Where the line containing "2022中国智能电动汽车前沿" appears below, start there and repeat each line exactly to the end. Leave the pictures out.

Scraped caption text data
+++
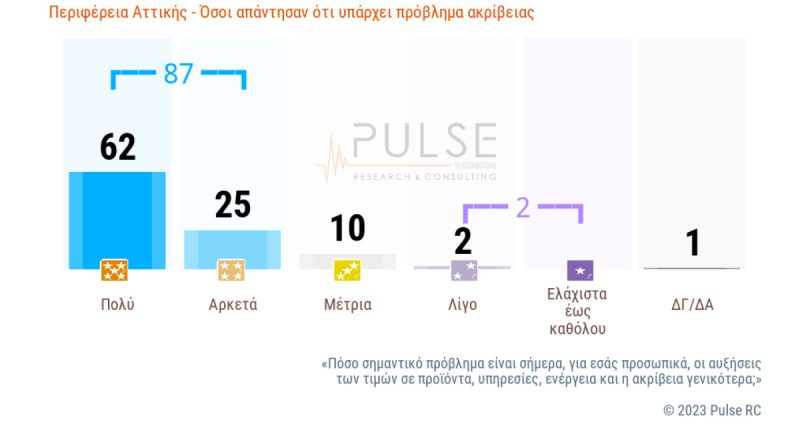 Νέα μεγάλη έρευνα Ε.Ε.Α. – Pulse: To 87% θεωρεί την ακρίβεια «πολύ» ή «αρκετά» σημαντικό πρόβλημα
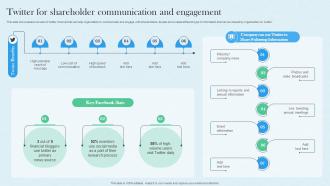 Twitter For Shareholder Communication Planning And Implementing Investor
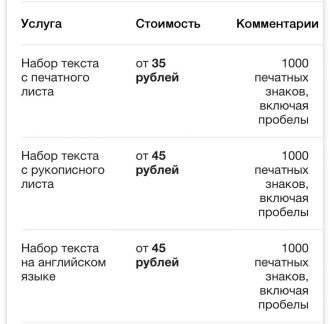 Текст 1 лист. Набор текста расценки. Расценки на набор текста на компьютере. Стоимость набора 1 страницы печатного текста. Набор текста стоимость 1 страницы.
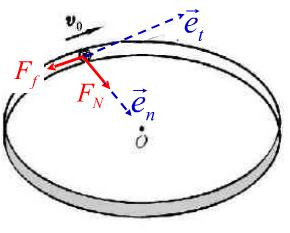 光滑的水平桌面上放置一半径为R的固定圆环，物体紧贴环的内侧作圆周运动，其摩擦因数为μ．开始时物体的速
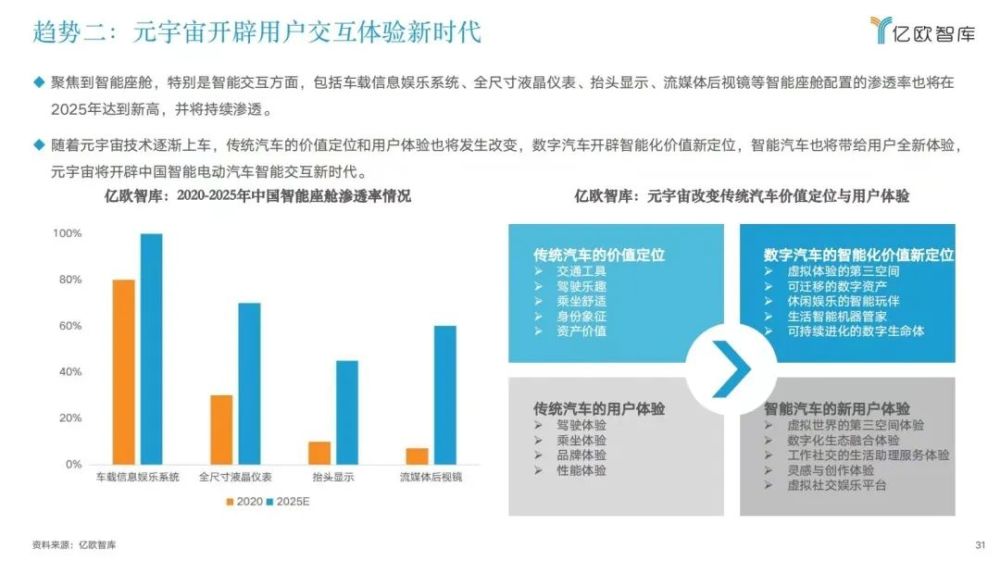 2022中国智能电动汽车前沿科技量产应用研究报告：2023上海智能汽车装备/智能网联汽车/无人驾驶技术展览会(图13)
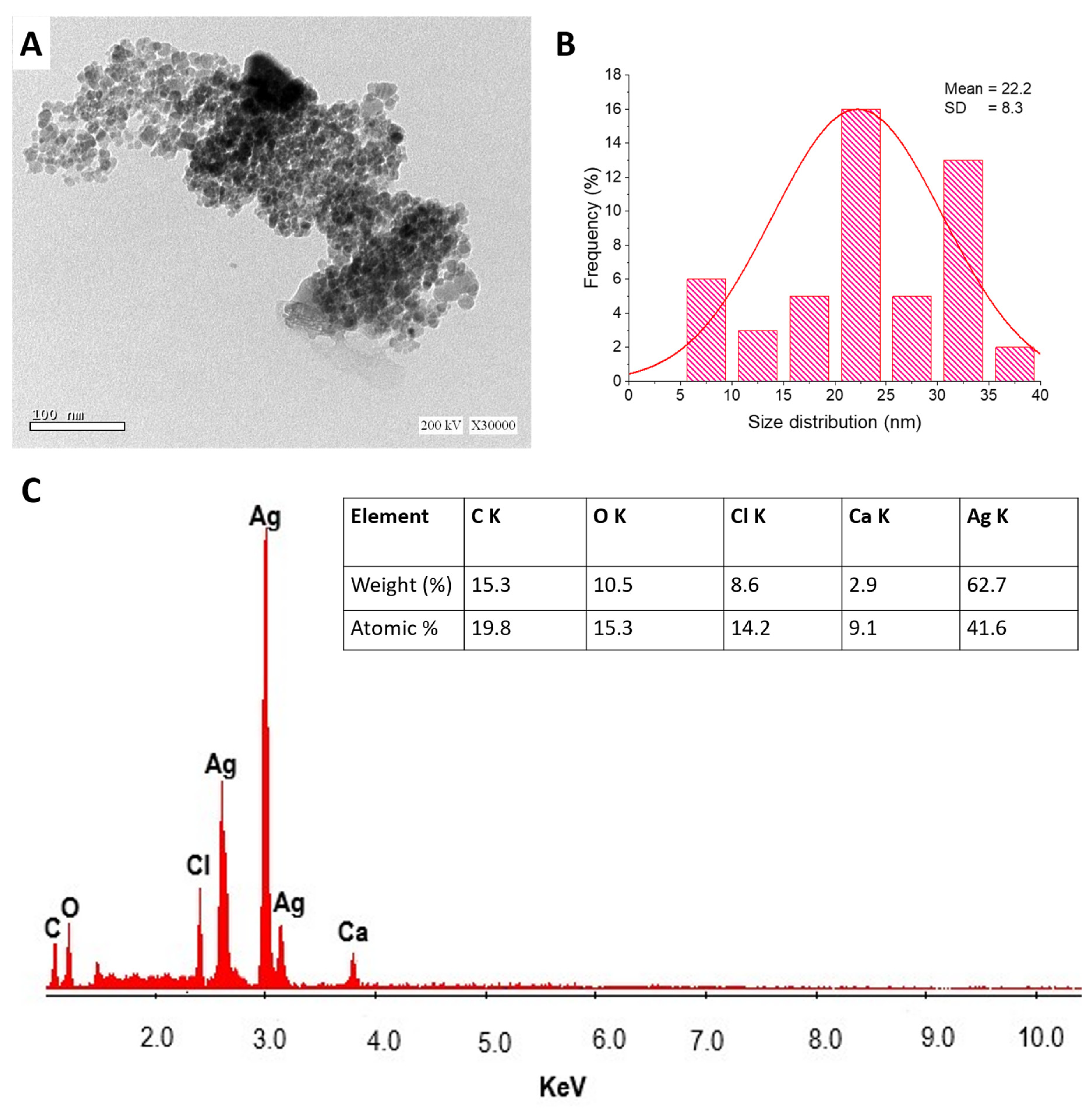 Catalysts 14 00419 g002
+++
Exercise output
 2022中国智能电动汽车前沿科技量产应用研究报告：2023上海智能汽车装备/智能网联汽车/无人驾驶技术展览会(图13)
 Catalysts 14 00419 g002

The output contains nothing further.